Ingres alfiere del Neoclassicismo

Il critico e musicologo Claudio Strinati esamina il ritratto di Luigi Cherubini che il maestro francese realizzò nel 1841, per un’approfondita analisi sulla sua figura

Il «violon d’Ingres» è forse una delle più note definizioni per significare il dilettantismo sia pur di alto livello esercitato da uno specialista di una diversa disciplina. Ma, se si riflette su Ingres stesso, quell’espressione si carica di più profondo senso. Jean-August-Dominique Ingres sapeva suonare sul serio e rapportarsi ai professionisti della musica. Sappiamo che aveva suonato giovanissimo nell’orchestra del Municipio di Tolosa tuttora esistente e prestigiosa. Risulta, peraltro, che abbia suonato con Niccolò Paganini e che fosse in grado di eseguire i «Quartetti» di Haydn e di Beethoven. Del resto, aveva assimilato i progressi eccelsi proprio della scuola violinistica francese del suo tempo che nel 1803 aveva prodotto un «Metodo per violino» a cura di tre maestri di quell’arte come Rodolphe Kreutzer, Pierre Rode e Pierre Baillot che impressero una svolta formidabile. 

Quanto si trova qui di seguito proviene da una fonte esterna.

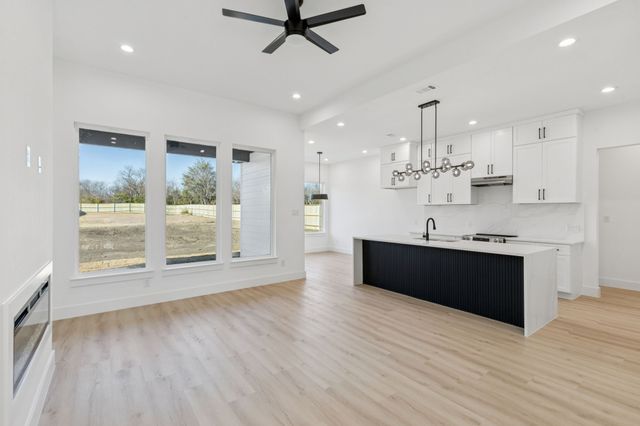 1235 Cedardale Road, Lancaster, TX 75134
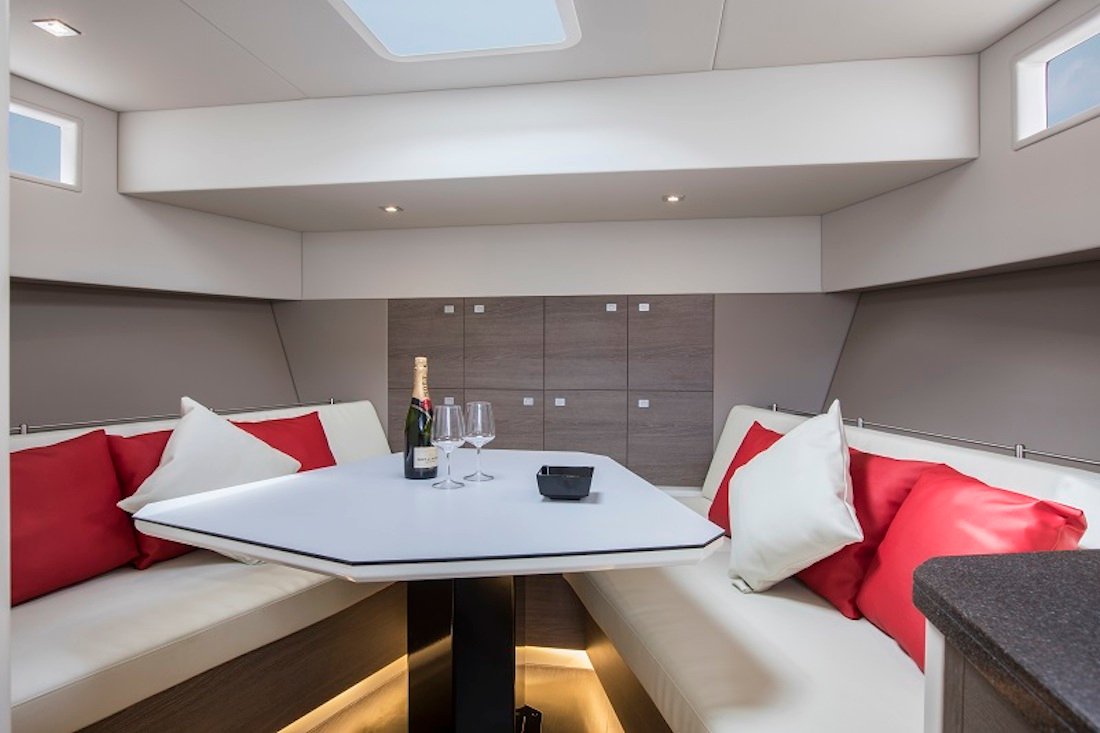 exploreibiza's tweet photo. 🤩🤩🤩 This thrilling MOTORYACHT is designed for the most discerning owners...
Lenght: 16,5 m
Cruising Speed: 48 Knots
Engines: 2 x 800 HP MAN
Book now!!
https://t.co/AIYsdtefDc
#yachts #vanquishvq54 #ibiza #formentera #yachtrentals https://t.co/hdNYy5jvq3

Rode e Baillot non li conosce più nessuno se non gli specialisti, mentre Kreutzer è celebre non tanto per le sue composizioni (che lo meritano, fu un grande anche nell’opera lirica), quanto perché Beethoven decise di dedicare a lui, nell’anno stesso 1803 della pubblicazione del «Metodo per violino» dei francesi, una sonata, invero suprema, per violino e pianoforte, scritta in realtà per un altro violinista. La «Sonata a Kreutzer», appunto, che Lev Tolstoj pose poi a titolo di una sua eccelsa novella. Che cosa c’entra tutto questo con l’arte di Ingres che, in definitiva, ha dedicato quasi soltanto un ritratto a un musicista importante della sua epoca, l’italo-francese Luigi Cherubini

C’entra, basta guardare con amorevolezza quel sublime «Ritratto» (1841). Il maestro, grande tra i grandi, ha un’aria ingrugnata e un tono interrogativo verso chi guarda il quadro come a esprimere disappunto provocato dall’essere osservato con una sorta di distrazione e disincanto. Sembra una curiosità, ma è forse la quintessenza del «Kunstwollen» ingresiano che è ben chiaro ma ancora oggi non si capisce. Ingres incarna, hegelianamente parlando, il polo dialettico cruciale del cosiddetto Neoclassicismo e questo lo si comprende anche a intuito, ma come possa essere spiegato resta ostinatamente duro a intendersi. Il Neoclassicismo, infatti, anche senza considerare l’ulteriore imprescindibile dialettica neoclassico-romantico, sembra proprio modellato sulla logica appunto hegeliana che prevede l’articolazione delle tre fasi di tesi, antitesi e sintesi (non sono i termini hegeliani, ma la vulgata ormai funziona così). Il Neoclassicismo ha tre blocchi monolitici emblematicamente tra loro connessi: Winckelmann (e Mengs), la tesi; David, l’antitesi; Ingres, la sintesi. Perché Ingres, nel corso di una parabola nutrita di aspirazioni musicali, guarda un immenso patrimonio di ideali, di incrollabili certezze, di intoccabile bellezza, con appassionato coinvolgimento e ironico distacco, senza prendere mai sul serio fino in fondo nessuno dei principi fondativi, ma considerandoli assiomi di una sorta di inno all’arte in sé e alla sua indispensabile sintesi delle idee. Quando Ingres presentò, più o meno al tempo dei trionfi di Kreutzer, il «Ritratto di Napoleone sul trono imperiale», non era chiaro se stesse deridendo l’imperatore o non fosse in grado di rispettare le regole più elementari, tanto che nessuno lo riconosceva nemmeno. Ma dunque Ingres non era capace? Era un somaro patentato? Gli riservarono, e per un tempo lunghissimo, il trattamento che si riserva perlopiù all’arte «moderna» e non è detto che provenga solo dagli ignoranti e incompetenti: «Posto, ma c’è da dubitarne, che abbia voluto dire qualcosa, non si capisce che cosa, però. Forse non ha voluto dire niente. L’arte moderna è una presa in giro». Lo dissero anche di Beethoven ma qui la spiegazione c’è. Era sordo!